South Carolina averaged 1.4 yards per rush on 26 attempts. Florida, the team that won 44-11, averaged 1.9 yards on 48 attempts. Sure, both teams were heavy rushing teams in their previous games, so one can assume both teams planned to stop the run. This ought to have opened up opportunities to pass, but no, because quarterbacks Connor Shaw and Dylan Thompson for South Carolina and Jeff Driskel for Florida were A-W-F-U-L. For the record, Oregon and UCLA averaged a combined 2.21 yards per carry, well above the 1.65 ypc average in the UF/USC game.
The South Carolina quarterbacks were a combined 17 for 40 for 155 yards and one interception. That’s 3.9 yards per attempt. Jeff Driskel was 11 for 16 for 93 yards and four touchdowns. Ignoring the touchdowns for a second, the three quarterbacks in this game combined to go 28 for 56 for 248 yards, four touchdowns, one interception, and a 4.7 yards per attempt average. The quarterbacks in UCLA/Oregon were much, much worse, but all were backups. Connor Shaw and Driskel have been starters for the entire 2012 season.
South Carolina and Florida were a combined 10 for 30 on third down, and South Carolina gained more first downs (17) than Florida (14). The reason? Four brutal South Carolina turnovers that gave Florida an extremely short field for most of its scores, meaning it could hide Driskel’s inability to throw well while South Carolina could not hide Shaw or Thompson.
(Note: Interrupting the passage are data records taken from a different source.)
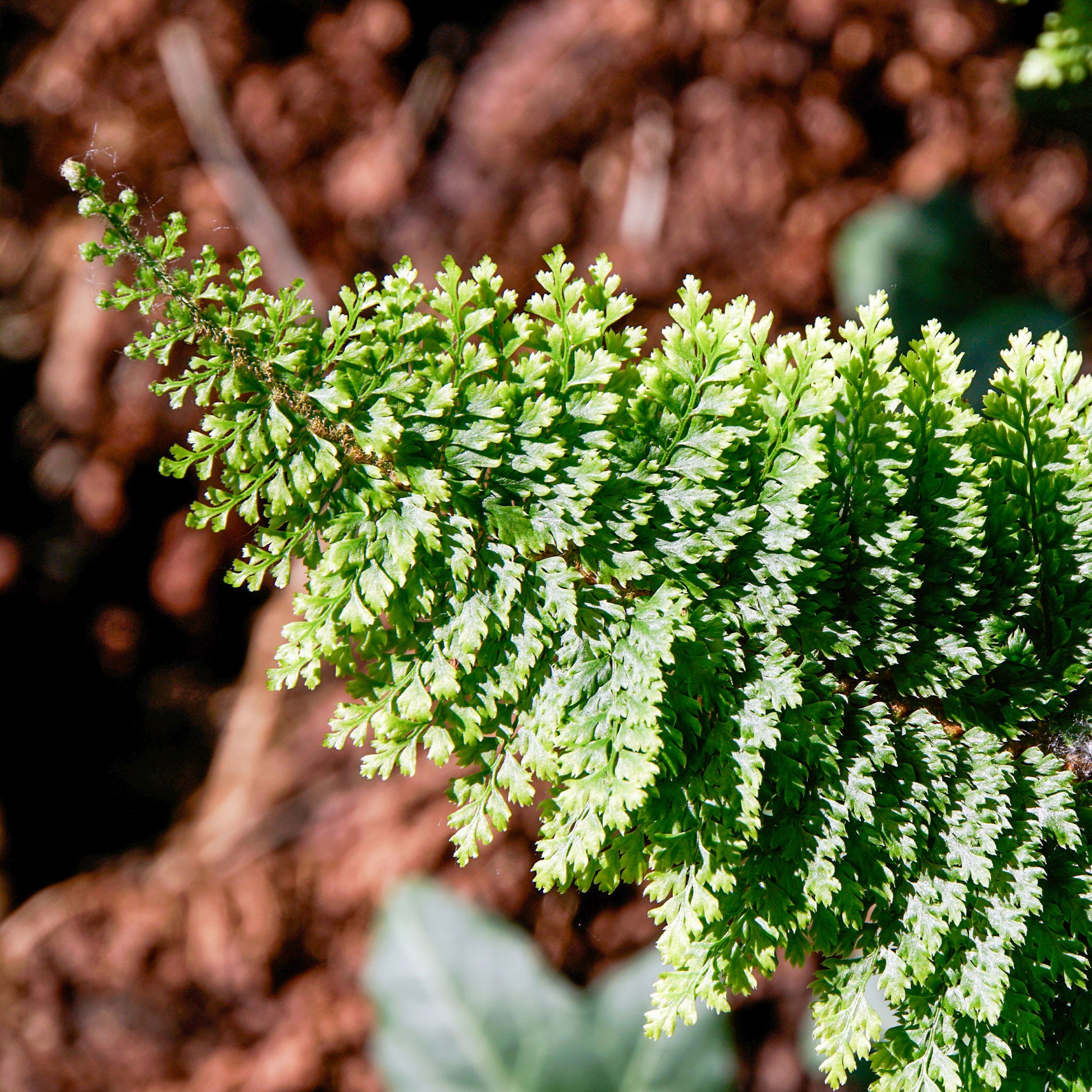 Schwertfarn ‘Plumoso-Densum’ - Polystichum setiferum plumoso-densum - Bakker
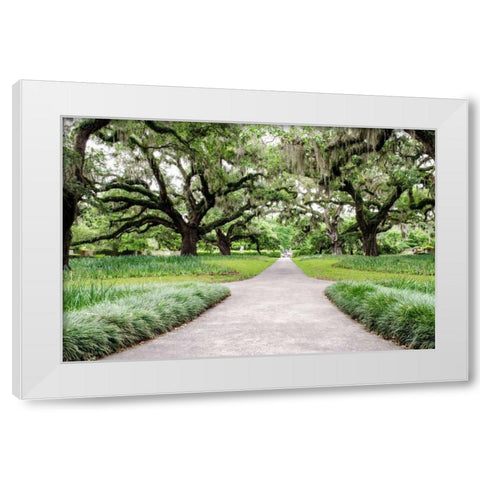 Garden Entrance White Modern Wood Framed Art Print by Burdick, Chuck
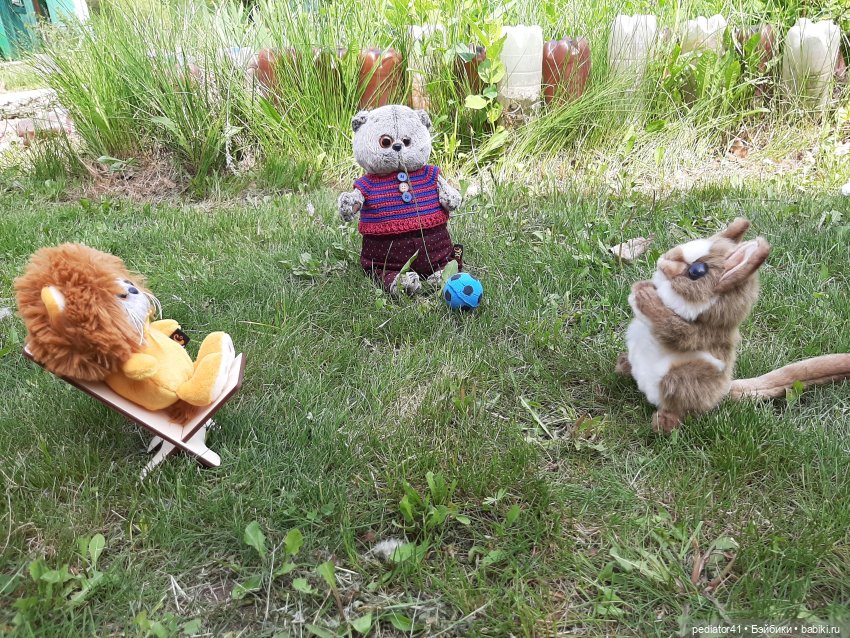 Дачная жизнь кота Басика — Кот Басик (фото 9)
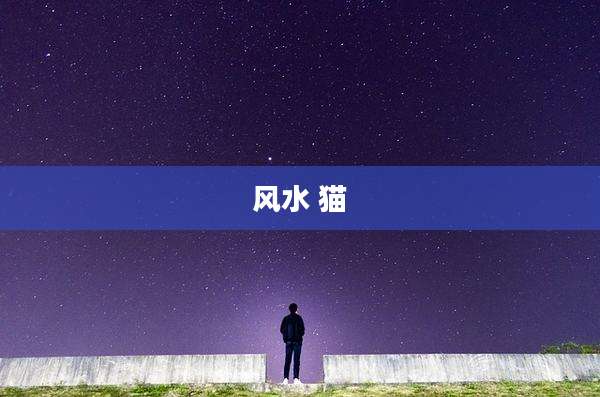 风水 猫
This was also a game that featured eight possessions in which the team on offense lost yards before turning the ball over or punting. That’s 28 percent, or more than one quarter, of all the 29 possessions in the game. It is also the exact same number of negative possessions as UCLA/Oregon. In their 13 possessions, South Carolina possessed the ball for over one minute in less than half (6) of them. The Gamecocks only had double-digit plays in a possession three times. Overall, more than half (16 of 29) of the possessions in the game ended in a punt or turnover (South Carolina had five turnovers total).
You may have seen on ESPN College Gameday Final that Florida is the first team in a hell of a long time to score 44 points without having 200 yards of offense. Just how bad was South Carolina to make this happen? The Florida offense’s longest drive was 59 yards, and it took them 10 plays to go that far!
Florida running back Mike Gillislee had been averaging over five yards per carry this season until his 19 carry, 37 yard, 0 touchdown performance on Saturday in a Florida win. He was the leading rusher in the entire game.
The thing that put UCLA/Oregon over the top in 2007 was the nearly 1,000 yards of punts that happened over the course of that debacle. South Carolina’s turnovers made sure that didn’t happen, but the 657 yards of punts in Florida/South Carolina is still an incredible amount. Worse, both punters only managed to keep the ball inside the 20 yard line twice in 14 punts.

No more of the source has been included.